The first time the full suite ran end to end, it finished 48 out of 48 in about 35 seconds with a small delay baked in for animations. Watching it was the part that felt different from any UI test suite I have used before: the app stayed visible on screen, moving through the flow at machine speed, screens changing, fields updating, navigation firing. The agent had planned the cases up front; the Python script was now driving the app through the ARS surface, and the state machine was proving its own rules in real time.

What's honest about this prototype

The first gap was timing. The prototype had a 250 millisecond delay between test actions. It worked, but it put the responsibility in the wrong place. In the current architecture, transitioning to a new screen starts with a state change, and the animation blocks a human from interacting again until the screen is ready. With the Python script driving the same state machine through ARS, the feedback loop was faster than the animation. Without the delay, the next action could arrive before the transition finished. That is what I actually saw: the script was ready to fire the next step while the UI was still moving into place. There are two obvious fixes: turn off animations when running through ARS, or add explicit “view is ready” states so the surface only updates after the transition completes. Either way, the app needs to tell the ARS layer when it is actually safe to act.

The second gap is about who the surface is really for. The verification agent in this build was purpose-built: it knew the spec format, the test plan schema, and the app it was running against. No general-purpose agent has tried to use this surface to accomplish a real task yet. That is what Discoverability Mode looks like at the semantic layer: an agent that was not designed around this app, reading the surface fresh and deciding how to get something done. Whether the current surface is legible enough for that kind of agent is still an open question.

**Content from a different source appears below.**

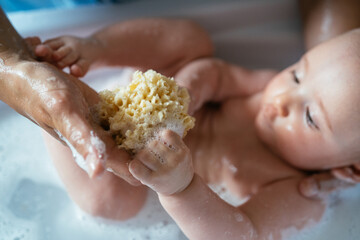 Mother bathing her baby in the bathtub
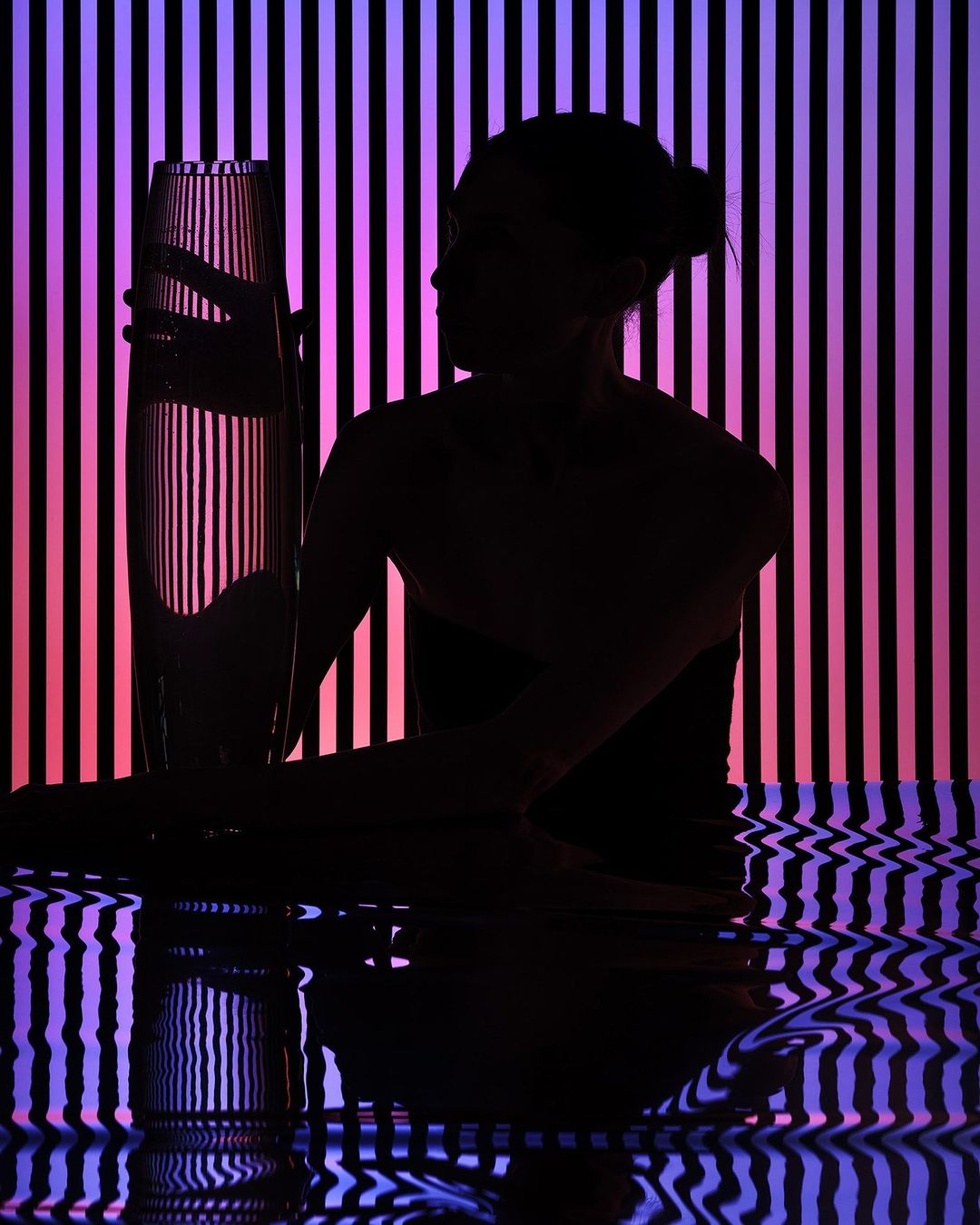 Silhouette of an adult woman holding a glass vase against a striped purple and pink backdrop, creating a stark contrast of light and shadow.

There are also a few practical rough edges that are worth naming. The login and signup flows run entirely on-device; error states exist in the model but do not hit a real backend. The WebSocket client in this prototype has a simple, single-file implementation with no attention paid to thread safety, which is fine for an experiment and wrong for production. Automated UI tests that should sit next to surface contract tests were not written here. Even the two-enum action category split still depends on a human making the right call at the call site.

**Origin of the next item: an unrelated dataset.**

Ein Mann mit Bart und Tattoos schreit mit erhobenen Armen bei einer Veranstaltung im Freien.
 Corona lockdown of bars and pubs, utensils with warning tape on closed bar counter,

This build proved things that matter. ARS shared the same state machine as the UI, eliminating the need for a second system. The surface contract emerged from the app and from a spec the agent generated from that state machine, not from a separate design exercise. The full suite ran against a live app through the ARS layer and passed deterministically. The friction that showed up was about timing, naming, and ownership, not about whether the architecture itself works.

If you're building this too

This build was a first pass at running ARS in real code, not a finished pattern. It proved that a semantic surface can share the same state machine as the UI and support fast, deterministic testing from the inside out, but it also surfaced gaps that showed up once it was running. The testing story is the wedge, not the destination. ARS‑backed surface contract tests are just the first place this layer shows up as something you can measure and verify.

What still needs to be proven is how far a spec‑first loop can go when ARS is the only surface it uses to both build and verify a new screen. If you are experimenting in that direction, I would like to see what you are finding: how you are representing state, how you are exposing actions, and where your agents get stuck.